For many, Sukleen has become a symbol of corruption, institutional inaction and political apathy — elements which, when combined, have effectively turned Lebanon into a state run by monopolies. In July, Sami Gemayel, the head of Lebanon’s right-wing Christian Phalangist Kataeb party, accused Sukleen of stealing public funds and blackmailing the country to renew its contract. The newly elected party leader said Sukleen was using the ongoing garbage crisis as a means to enforce another extension of its 20 contracts with the state, accusing it of being part of a “mafia.”
“There is a company [Sukleen] that has been making profits in the hundreds of millions of dollars over more or less 20 years on the expense of the Lebanese and the municipalities, and thus on the expense on the daily livelihood of all citizens,” Gemayel asserted, as quoted by Lebanon’s Daily Star. “With utmost rudeness, after it made these huge amounts of money, this company stopped collecting garbage the moment its contract ended.”
After a few small protests in late July, tens of thousands began joining the civic movement, which swelled to an all-time high of 250,000 on Aug. 29. Protesters called for a legal, economically efficient solution to the garbage crisis that is also environmentally-friendly and safe for all Lebanese citizens.

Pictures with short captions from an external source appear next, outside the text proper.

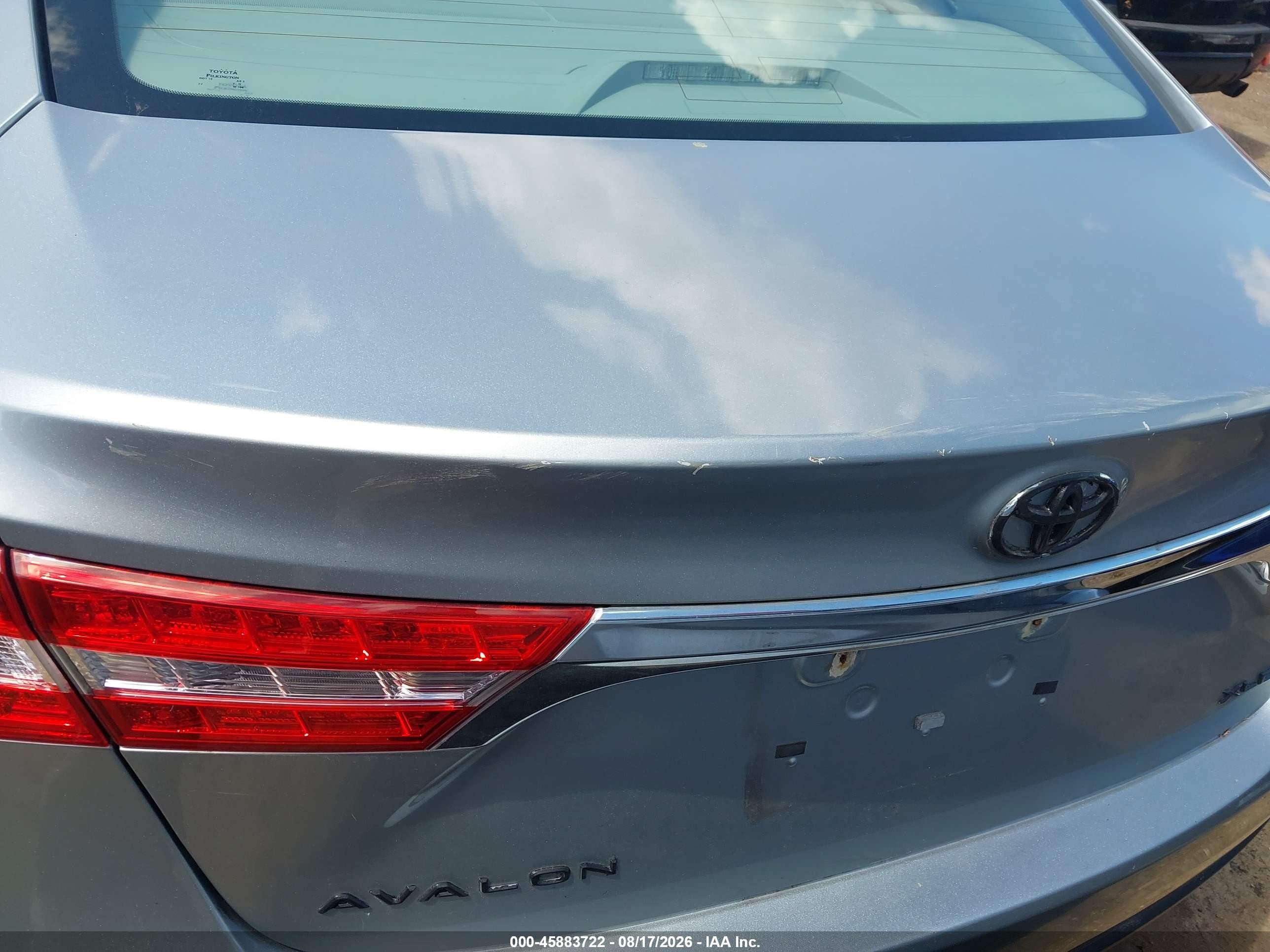 2015 Toyota Avalon   Silver vin: 4T1BK1EBXFU148897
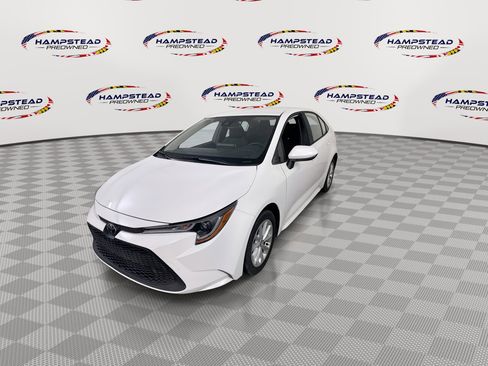 Used 2021 Toyota Corolla LE w/ LE Convenience Package FWD image 4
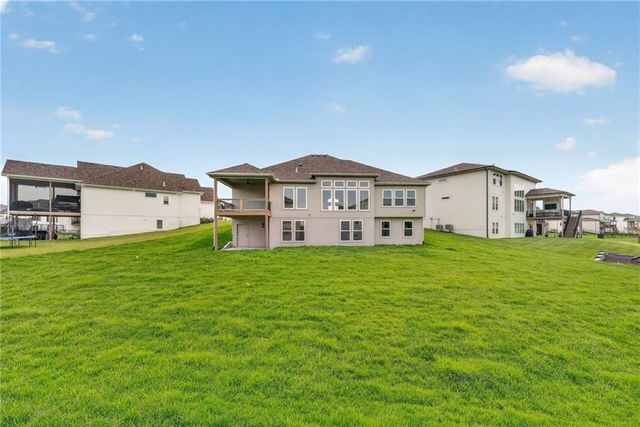 4867 NW Vicolo Dellamore Way, Riverside, MO 64150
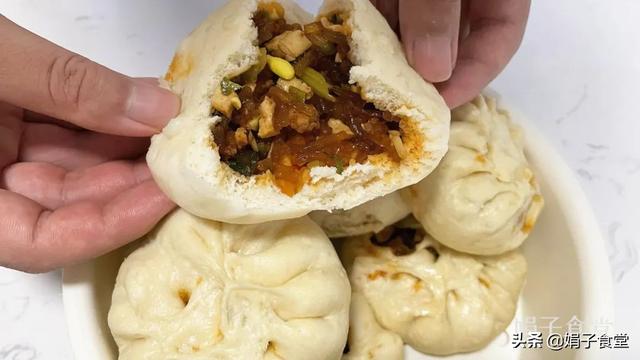 粉絲豆腐包的餡怎么做好吃又簡(jiǎn)單，粉絲豆腐包的餡怎么做好吃視頻？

The activist and the state
An ordinary Lebanese man reborn an extraordinary activist, Aly Sleem is the force behind the #YouStink movement. Speaking to L’Indro Sleem described the makeup of the movement: “We are a group of people who are not politically affiliated with any political sectarian party, we share no strict ideology and we’re not sectarian. We formed ourselves on July 21, a few days after the Naameh landfill was closed by the government.”
“Our demands are really simple,” he continued. “We ask for an environmental and sustainable solution for the garbage crisis in Lebanon, away from any political and sectarian brokerages.” And it’s precisely this range of ethnic, religious and social backgrounds collected under a single movement that stands to inspire change beyond the country’s waste collection crisis. Shiite, Sunni, Druze, Orthodox Christian and atheist — #YouStink has mobilized broad popular support, which is a remarkable feat for a country which has been defined by its citizens’ religious differences since gaining its independence in 1943.
While #YouStink remains stubbornly apolitical in structure, its leadership is determined to challenge the ongoing political status quo by forcing the entire political apparatus to face the popular music. Sleem told L’Indro what the movement hopes to address after the waste management crisis is resolved: “We have previously stated that we do not aim for any political position and that we have strict demands when it comes to the resolution of the garbage crisis. That being said, once a sustainable and environmental solution is found we will be tackling other social issues — electricity is high on our list. Despite an injection of funds of $1.5 billion, blackouts have become a terrible nuisance. There, too, corruption needs to be addressed.”
While protesters have said they remain committed to nonviolence and peaceful resistance in view of bringing about change, the state has opted to use water cannons, rubber bullets and tear gas against demonstrators. “Officials’ use of violence only reinforces our determination,” the student-turned-activist Sarah Haddad told L’Indro. “Lebanese will not be bullied into compliance. Those tactics will fail.” Demonstrations turned violent last month after protesters attempted to surround the Lebanese parliament. “Dozens of anti-government protesters have clashed with police officers in Beirut during the most recent confrontations in the Lebanese capital. Media reports suggest that several people have been injured and arrested during the rally,” RT reported.
Speaking on condition of anonymity, several sources told L’Indro that many protesters have already been warned that they could lose their jobs if they continue to exercise their right to free expression. Hanan Shabaty, a Beirut-based journalist, told L’Indro that in September she was informed that her manager would not tolerate having one of his staff “mingle with wannabe revolutionaries under pretense of media coverage.” “Such pressures have become rather common those days. The establishment is using financial pressure to kill the civic movement,” Shabaty said. “But let’s face it: It’s not going to change anything, not really! We have reached a point of no return here and I don’t see any strong-arm tactic work in the long run.”
A march against corruption on Oct. 6 called on all groups and political contingents to unite for Lebanon. Protesters made their way from a finance ministry building in downtown Beirut toward the Central Bank in the city’s Hamra neighborhood. Soon after arriving at the bank, activist Asaad Zebian was arrested along with a member of the campaign, a move he described as being thug-like.